The Impact of Social Networks on Immigrants’ Employment Prospects: The Spanish case 1997-2007
Research question: To what extent do social networks influence immigrants’ employment stability and wages in Spain?
Since the late 1990s Spain has witnessed a notorious increase in its number of immigrants, especially from Africa, Latin America and Eastern Europe. The ability of the country to integrate these immigrants into the economy is crucial, not only during periods of expansion but also during crises.
The literature has found in other countries that have experienced a large inflow of immigrants that social networks are a key factor in helping immigrants to find jobs. But there is no empirical consensus on whether these networks actually help to find good and well paid jobs.

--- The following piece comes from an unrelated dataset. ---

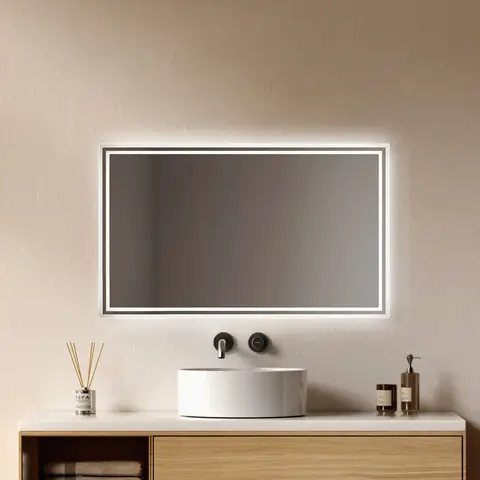 EMKE LED-Badezimmerspiegel mit Beleuchtung, 100 x 60 cm, Anti-Beschlag-Funktion, Badezimmerspiegel mit Druckschalter, Warmweißes und Kaltweißes Licht, IP44-Schutz, Moderner Wandspiegel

The aim of this project is to consider an aspect that has not been addressed previously in the empirical literature. That is how important are social networks in integrating immigrants to the Spanish labour market. For this purpose, a nationally representative survey of immigrants is analysed. This survey is the first of its kind conducted in Spain, and contains information about immigrants’ status in 2007 and since their arrival.
The preliminary analysis suggests that immigrants experience a mismatch in the labour market, particularly on their arrival to the country. Nonetheless, social networks do affect positively the chances of immigrants finding stable jobs. Social networks also help women to get jobs that are better paid, but the opposite occurs for men.
Researcher: Luciana Méndez Errico (UAB).
Output: Méndez Errico, Luciana. 2013. The Impacts of Social Networks on Immigrants’ Employment Prospects: The Spanish Case 1997-2007, Department of Applied Economics, UAB, working paper 2013-01.
Keywords: Immigration, social networks, labour market, Africa, Latin America.